Start of PROVIDED ENTRIES

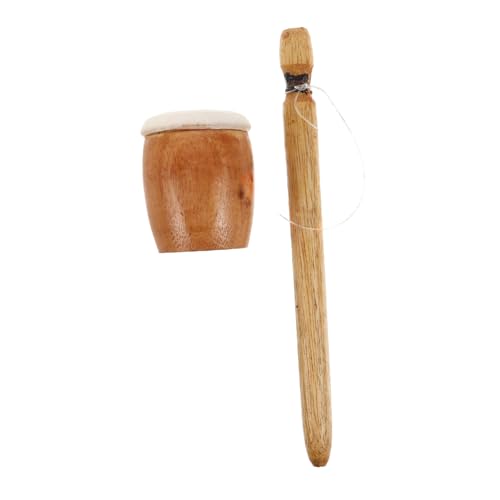 VICASKY Frosch -Croaker -Zubehör Filzkopf-Basstrommelschlägel, Percussion-Sticks Bass-Percussion-Sticks Handsummer Trommelhammer Schlägel für große Trommeln hölzern Beige VICASKY Frosch -Croaker -Zubehör Filzkopf-Basstrommelschlägel, Percussion-Sticks Bass-Percussion-Sticks Handsummer Trommelhammer Schlägel für große Trommeln hölzern Beige von VICASKY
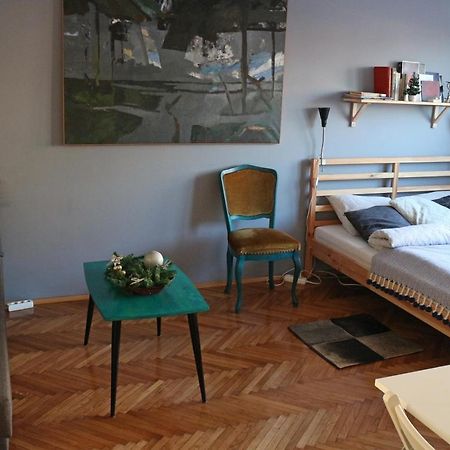Appartement Atelier 22 à Belgrade Extérieur photo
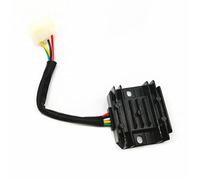 SHYYBD Moto Accensione Accensione Regolatore Raddrizzatore Di Tensione Di Ricambio Per GY6 KYMCO Agility125 Come 50 4T ATV Scooter Ciclomotore Raddrizzatori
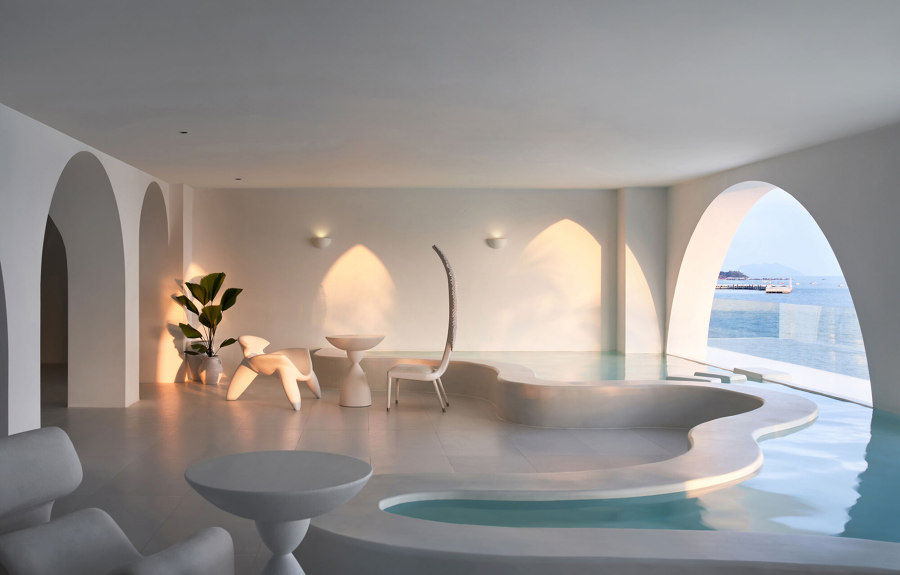 Sumei Skyline Coast Boutique Hotel von GS Design | Hotel-Interieurs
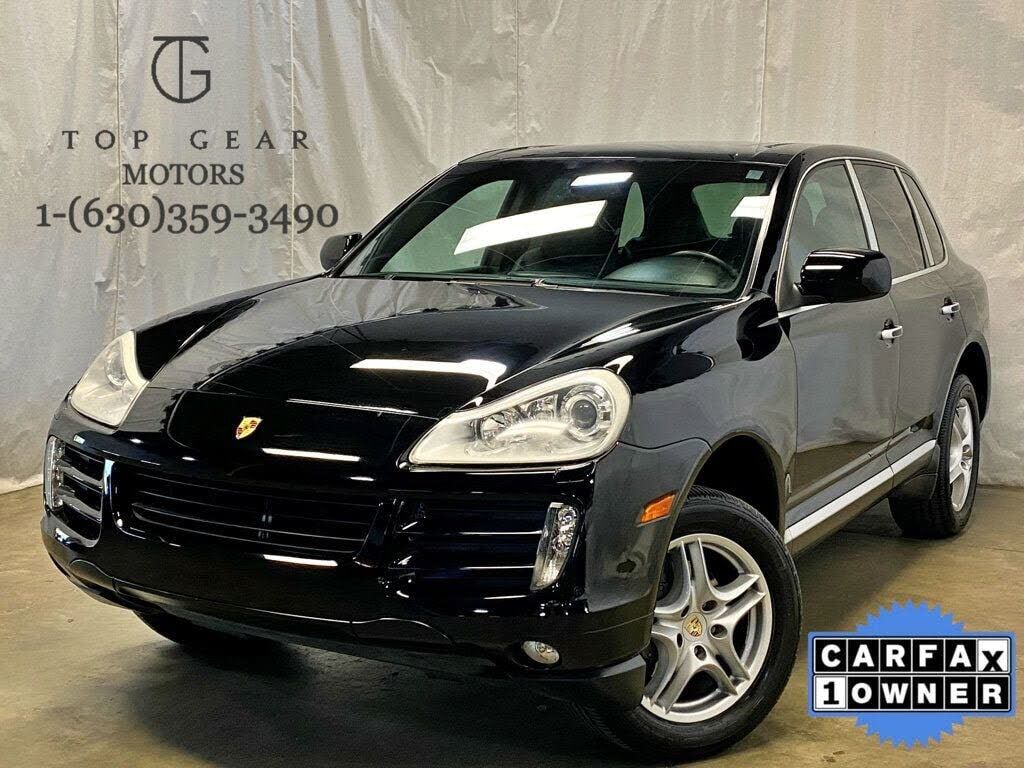 2008 PORSCHE Cayenne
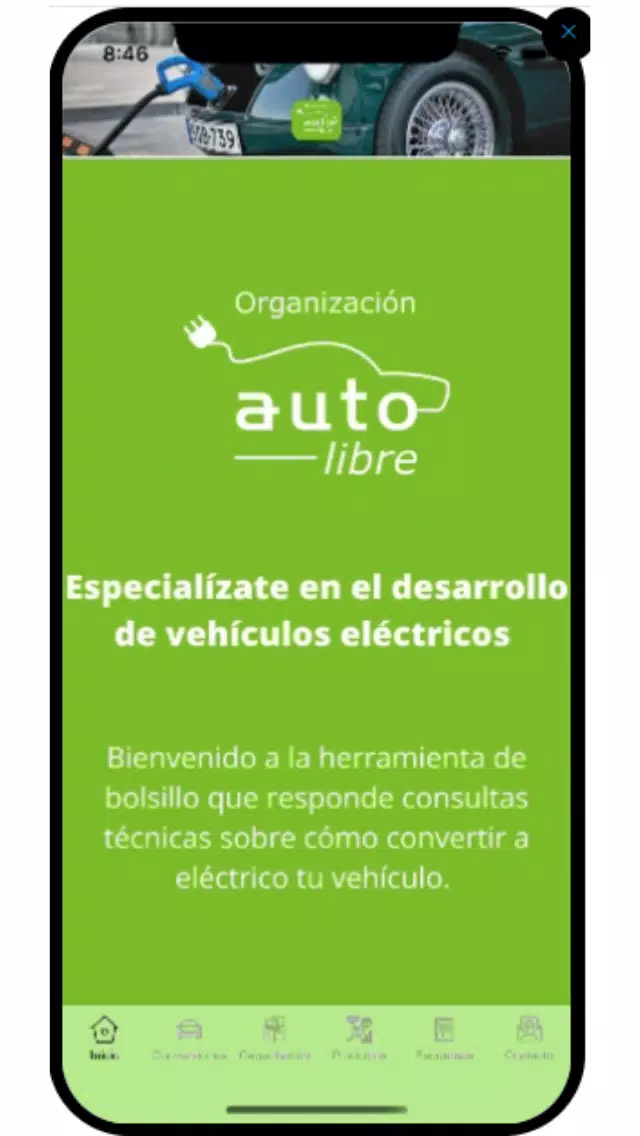 Autolibre App 스크린샷 0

End of PROVIDED ENTRIES

=== WORK INSTRUCTIONS ===
Copy out all the data exactly; skip the pictures.

=== RESULT BELOW ===
 VICASKY Frosch -Croaker -Zubehör Filzkopf-Basstrommelschlägel, Percussion-Sticks Bass-Percussion-Sticks Handsummer Trommelhammer Schlägel für große Trommeln hölzern Beige VICASKY Frosch -Croaker -Zubehör Filzkopf-Basstrommelschlägel, Percussion-Sticks Bass-Percussion-Sticks Handsummer Trommelhammer Schlägel für große Trommeln hölzern Beige von VICASKY
Appartement Atelier 22 à Belgrade Extérieur photo
 SHYYBD Moto Accensione Accensione Regolatore Raddrizzatore Di Tensione Di Ricambio Per GY6 KYMCO Agility125 Come 50 4T ATV Scooter Ciclomotore Raddrizzatori
 Sumei Skyline Coast Boutique Hotel von GS Design | Hotel-Interieurs
 2008 PORSCHE Cayenne
 Autolibre App 스크린샷 0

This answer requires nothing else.